**Task statement**
Output every entry below word for word, minus the images.
══════════════════════════════
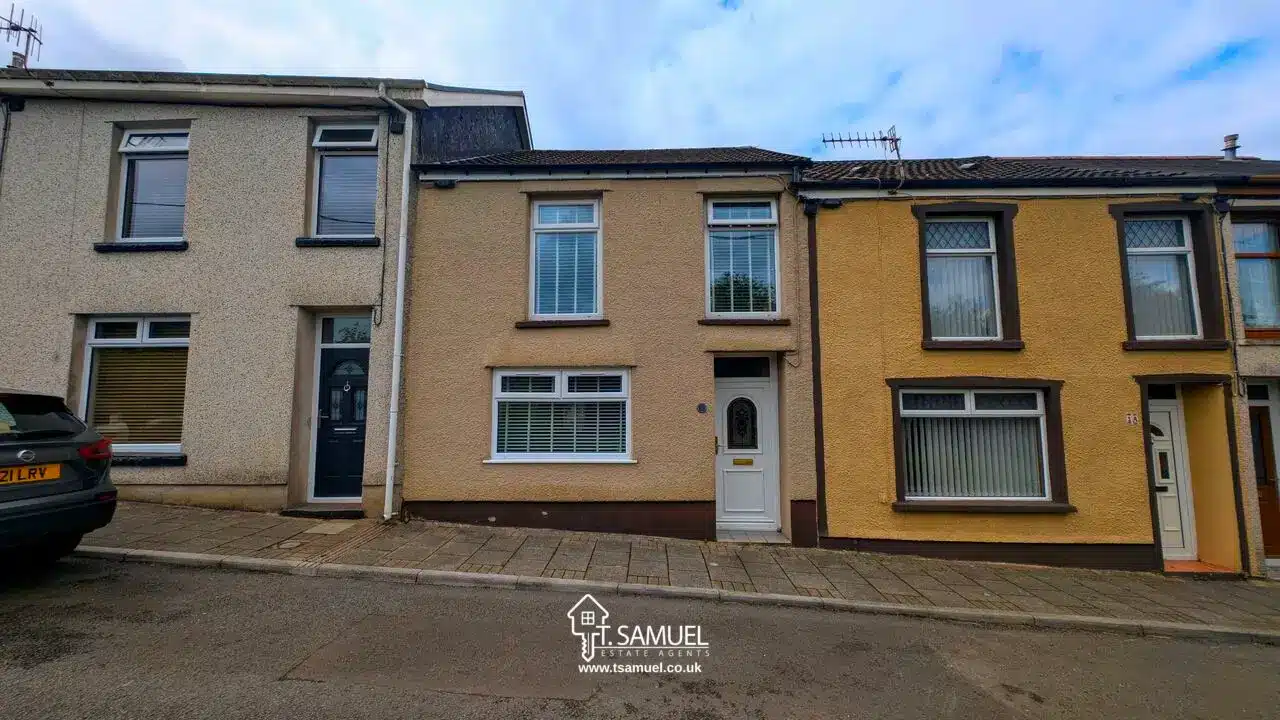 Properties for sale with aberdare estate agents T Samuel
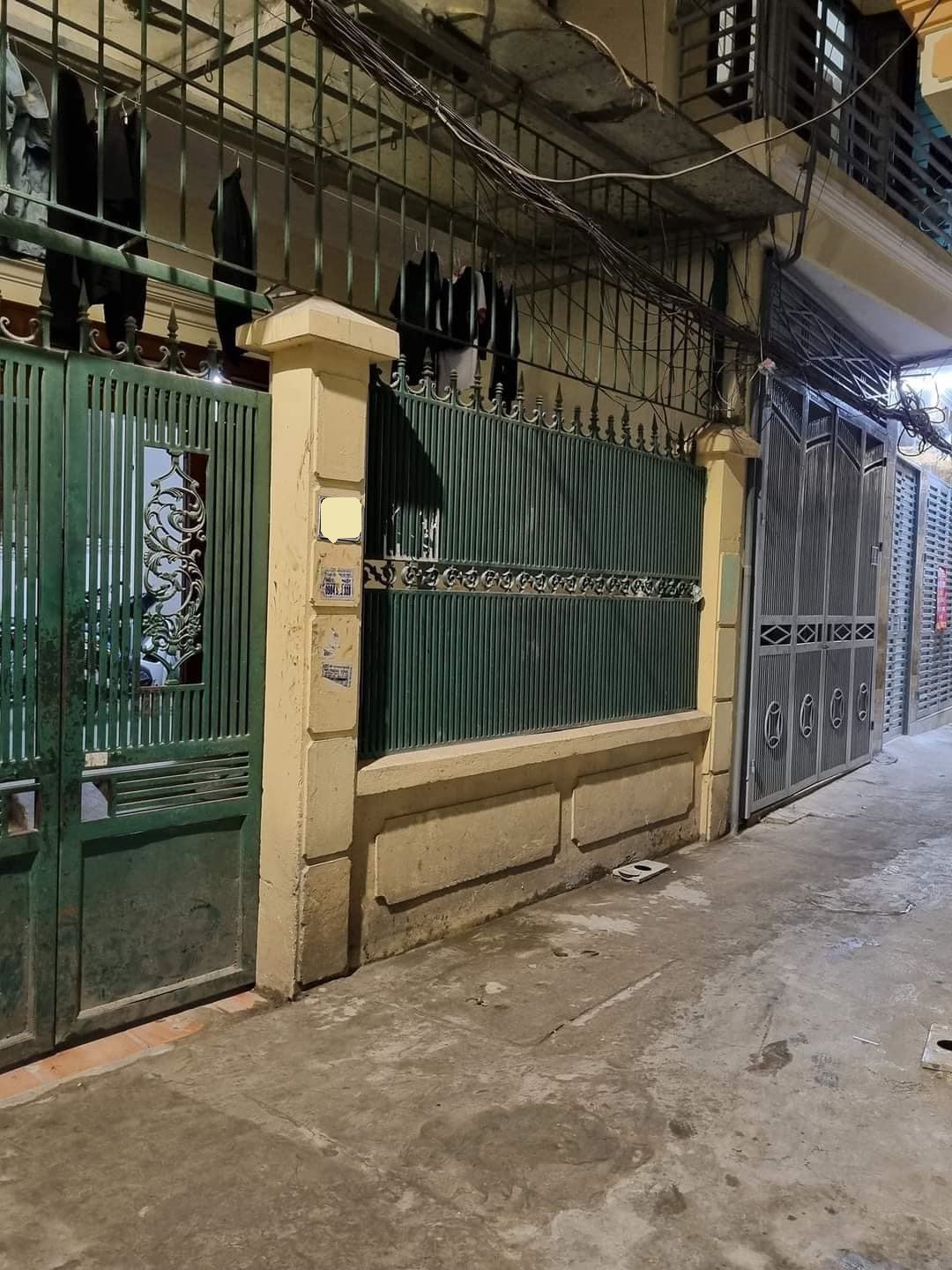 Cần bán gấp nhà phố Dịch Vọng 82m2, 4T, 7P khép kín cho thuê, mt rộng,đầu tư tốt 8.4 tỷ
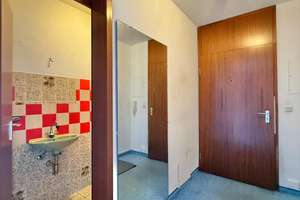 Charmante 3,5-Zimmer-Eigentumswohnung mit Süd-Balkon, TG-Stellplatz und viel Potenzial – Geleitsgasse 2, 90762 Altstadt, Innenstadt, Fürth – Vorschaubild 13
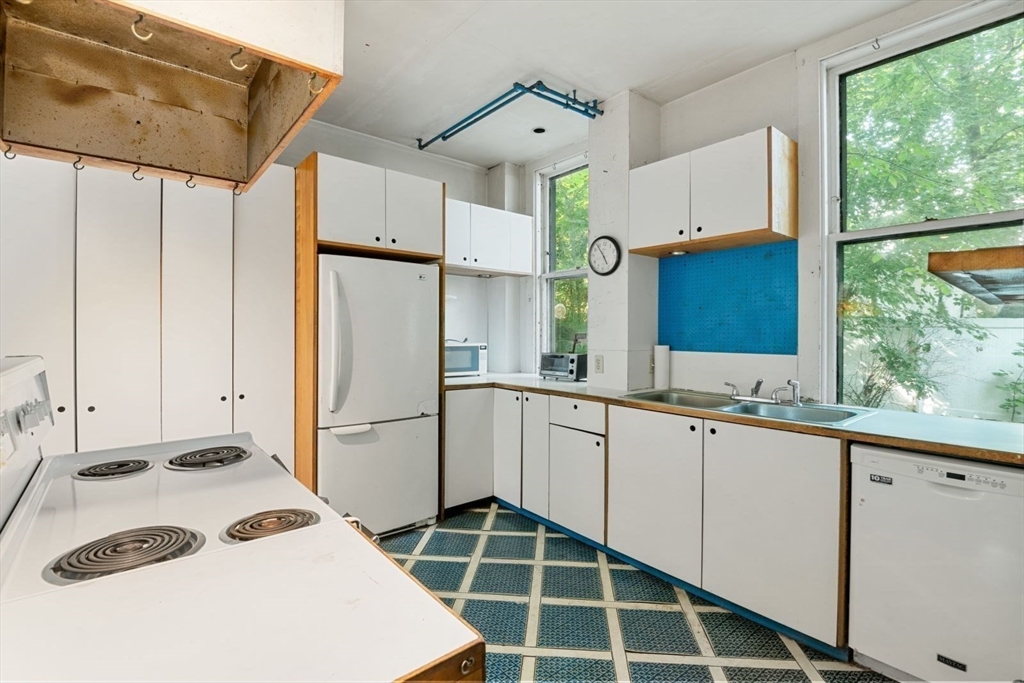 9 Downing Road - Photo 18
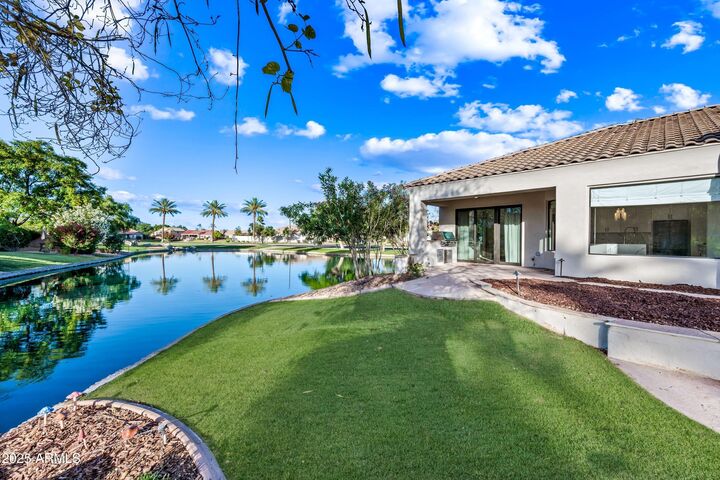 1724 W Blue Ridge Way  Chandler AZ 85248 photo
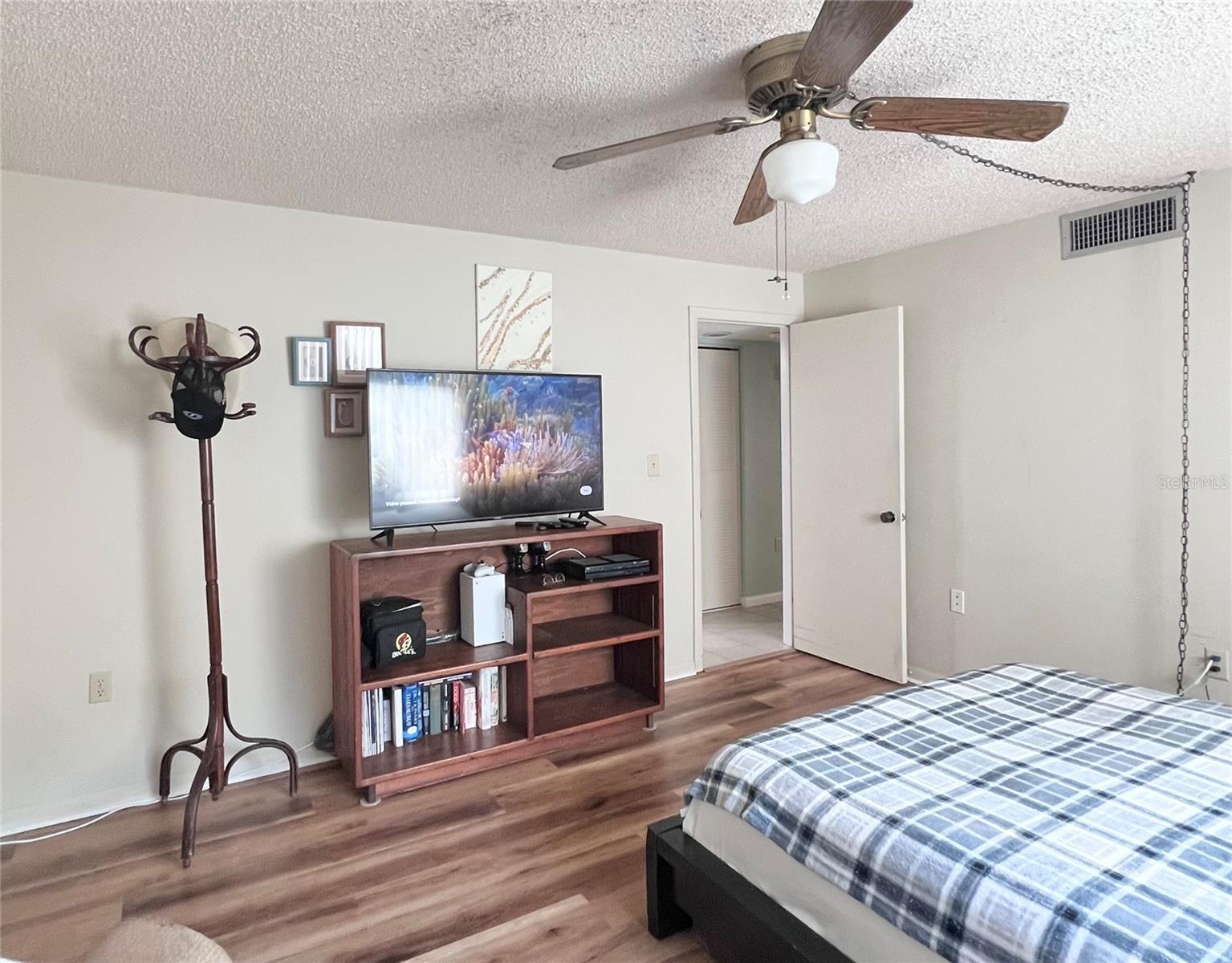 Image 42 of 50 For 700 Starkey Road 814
══════════════════════════════
**Exercise response**
 Properties for sale with aberdare estate agents T Samuel
 Cần bán gấp nhà phố Dịch Vọng 82m2, 4T, 7P khép kín cho thuê, mt rộng,đầu tư tốt 8.4 tỷ
 Charmante 3,5-Zimmer-Eigentumswohnung mit Süd-Balkon, TG-Stellplatz und viel Potenzial – Geleitsgasse 2, 90762 Altstadt, Innenstadt, Fürth – Vorschaubild 13
 9 Downing Road - Photo 18
 1724 W Blue Ridge Way  Chandler AZ 85248 photo
 Image 42 of 50 For 700 Starkey Road 814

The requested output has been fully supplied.